Now - on to more important things, that don't involve bruising my self image...
We took Danny to the pediatrician yesterday. Net - she doesn't think we're over reacting, she agrees there is reason to be concerned about his development. He is behind physically, and verbally. She does not think there's anything medically wrong with him (metabolic, etc.), she thinks he's medically healthy, he's a thin kid but she's not terribly worried about his weight - but she did think it was prudent to go ahead do some thorough blood work to rule out anything obscure - genetic, chromosomal, metabolic, etc. She took a bunch of blood to send through a variety of tests. He gained a half pound in the last 4 weeks, so he appears to be gaining weight ok right now.
She felt that we were on the right track with the neurology appointment - we have that appointment in December, we discussed whether there was someplace else we could get in sooner, but she really feels that this doc is the one we should see. We've got him in the weekly physical therapy in the mean time, so we're addressing some of the treatment already, even while we're waiting for whether there's a 'diagnosis'. She also thought it was a good idea to go ahead and get some speech therapy started as well - as he should be doing more with language at this age. Fortunately that's the same place as the PT, so we'll try to get an appointment at the same time as the PT.

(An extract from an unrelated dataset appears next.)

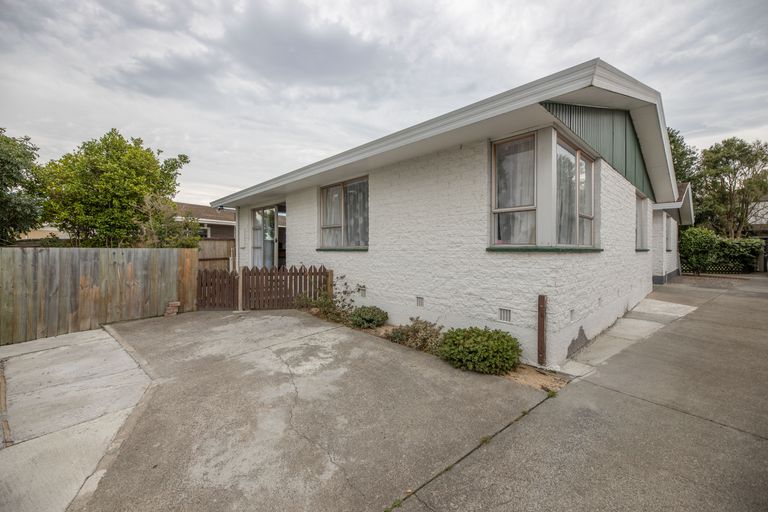 Photo of property in 1/41 Oldwood Street, Bishopdale, Christchurch, 8053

And finally - she thought we should go ahead and start the process to get him in to the Developmental program at Children's Hospital. It's a full eval by a team, including a developmental pediatrician, and then follow up therapies as needed. Sounds like that's a long process to get in - our pediatrician has to do a bunch of paperwork to get him in the system and get the process going, and it takes a few months to get in. But it's a good program and worth the wait. And in the mean time we are doing the PT and getting the ST going.
So we feel ok with where we are at for now. We may not get any diagnosis from the neurologist - he may just be behind for no reason that we'll ever know. The pedi said that she sees plenty of cases like that - where a child is behind with no clear diagnosis, but with the right therapies he catches up and by age 5 you'd never know that he had been behind. So we'd be ok with that. And we continue to feel so fortunate that we have insurance that allows us to get him all this therapy without having to worry about cost.

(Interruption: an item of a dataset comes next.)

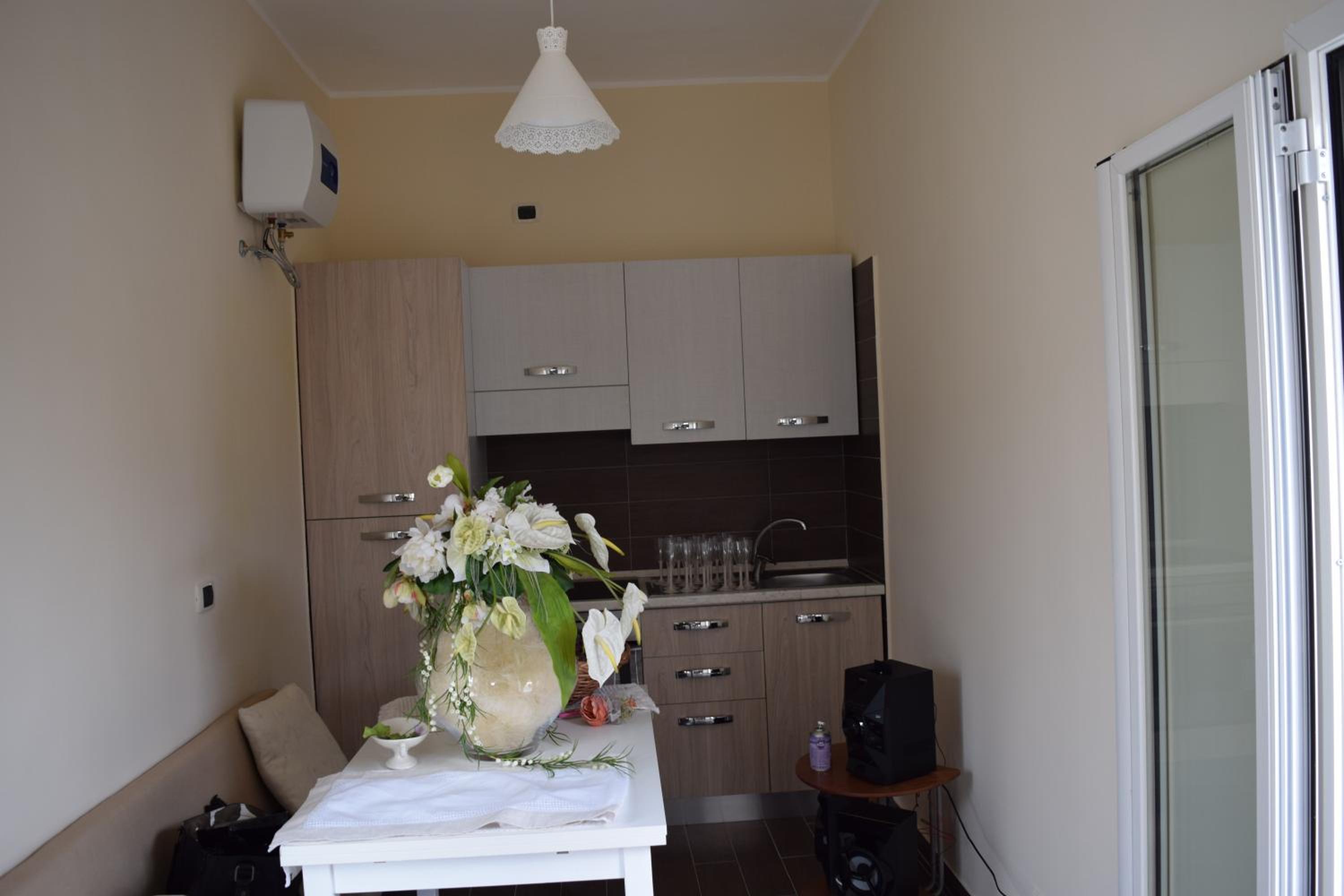 Quadruple Room with Private Bathroom - Photo 7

that's what I've got for now.
and I feel the need to add, in case anyone wonders... if we found out that something really serious was wrong with him, then we would absolutely revisit our decision to try for more. If we end up in a place where he is going to need a lot of extra care, treatments, attention, then I certainly would never jeopardize his needs by adding more kids in to the mix. But that is almost a year away, so we have time to really get to the bottom of what's going on with him before we pass the point of no return on more kids.